In the second passage, the page writes this:

$$ \frac{dL}{dx} = \frac{\partial{L}}{\partial{u}}u' + \frac{\partial{L}}{\partial{u'}}u'' + \frac{\partial{L}}{\partial{x}} $$

I totally understand the chain rule applied here, and my question is: is there a difference between $\frac{d}{dx}$ operator and $\frac{\partial{}}{\partial{x}}$ operator? Shouldn't they mean the same thing?

Thanks in advance,

Dave


Solution 1:

Recall the basics of functions: roughly speaking a function is a triple of information $f:A \to B$, where $A$ is the domain, $B$ is the target space, and $f$ is the "rule".

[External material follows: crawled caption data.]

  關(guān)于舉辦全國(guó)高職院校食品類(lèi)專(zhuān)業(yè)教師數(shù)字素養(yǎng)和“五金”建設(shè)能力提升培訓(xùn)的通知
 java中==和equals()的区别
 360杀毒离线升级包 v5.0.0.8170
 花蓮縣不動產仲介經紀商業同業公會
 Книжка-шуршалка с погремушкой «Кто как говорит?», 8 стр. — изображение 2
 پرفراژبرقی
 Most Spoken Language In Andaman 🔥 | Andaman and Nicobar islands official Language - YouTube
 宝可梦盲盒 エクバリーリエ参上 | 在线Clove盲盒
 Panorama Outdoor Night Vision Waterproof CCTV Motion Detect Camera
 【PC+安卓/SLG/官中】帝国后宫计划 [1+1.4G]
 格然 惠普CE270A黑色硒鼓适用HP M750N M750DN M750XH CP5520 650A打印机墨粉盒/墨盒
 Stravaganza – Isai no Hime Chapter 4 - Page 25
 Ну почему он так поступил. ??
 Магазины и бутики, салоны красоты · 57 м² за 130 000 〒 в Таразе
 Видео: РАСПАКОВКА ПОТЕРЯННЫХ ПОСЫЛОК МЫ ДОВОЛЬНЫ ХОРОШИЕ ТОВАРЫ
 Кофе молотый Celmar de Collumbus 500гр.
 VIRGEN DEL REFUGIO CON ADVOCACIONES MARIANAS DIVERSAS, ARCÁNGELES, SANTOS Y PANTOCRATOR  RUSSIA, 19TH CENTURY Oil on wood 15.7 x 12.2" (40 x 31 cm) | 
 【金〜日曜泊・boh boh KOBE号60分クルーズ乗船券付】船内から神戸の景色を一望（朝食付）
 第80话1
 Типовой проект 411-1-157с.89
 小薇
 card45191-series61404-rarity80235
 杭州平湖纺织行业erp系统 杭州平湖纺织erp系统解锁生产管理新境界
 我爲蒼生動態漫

In your case, you're given a function $L: \Bbb{R}^3 \to \Bbb{R}$ and a function $u: \Bbb{R} \to \Bbb{R}$ (i.e the lagrangian is a real valued function of three real variables, and you're given a real valued curve $u$). Now, using these two, you're constructing a new function, $\Lambda: \Bbb{R} \to \Bbb{R}$ defined by \begin{align} \Lambda(x) &= L(x,u(x), u'(x)) \end{align} What this means is that for a given real number $x$, $\Lambda(x)$ is that real number obtained by plugging the $3$-tuple of real numbers $(x,u(x),u'(x))$ into the function $L$. From here, you can clearly see that $L$ and $\Lambda$ are distinct functions. The domain of $L$ is $\Bbb{R}^3$, whereas the domain of $\Lambda$ is $\Bbb{R}$. However, it is very common to abuse notation in this context, and people often out of laziness simply denote $\Lambda$ as $L$.

What the chain rule actually says, with proper notation, and being explicit with where everything is being evaluated is that: for all $x \in \Bbb{R}$, \begin{align} \Lambda'(x) &= (\partial_1L)_{(x, u(x), u'(x))} + (\partial_2L)_{(x, u(x), u'(x))} \cdot u'(x) + (\partial_3L)_{(x, u(x), u'(x))} \cdot u''(x) \tag{$*$} \end{align} Here $\partial_iL$ means the partial derivative of the function $L$ with respect to the $i^{th}$ variable. This same equation written slightly more sloppily says: \begin{align} \dfrac{d \Lambda}{dx} &= \dfrac{\partial L}{\partial x} + \dfrac{\partial L}{\partial u} u' + \dfrac{\partial L}{\partial u'} u'' \end{align}

And lastly, if you want to be even more sloppy, you'll find the following equation: \begin{align} \dfrac{d L}{dx} &= \dfrac{\partial L}{\partial x} + \dfrac{\partial L}{\partial u} u' + \dfrac{\partial L}{\partial u'} u'' \end{align}

Again, strictly speaking, this is a nonsensical equation, because $L$ is a function of $3$ variables, so it doesn't make sense to take the ordinary derivative $\frac{d}{dx}$ of $L$; it only makes sense to take partial derivatives $\partial_iL$. But... this equation (and others like it which you'll encounter frequently in physics texts) is really just a very lazy way of writing $(*)$.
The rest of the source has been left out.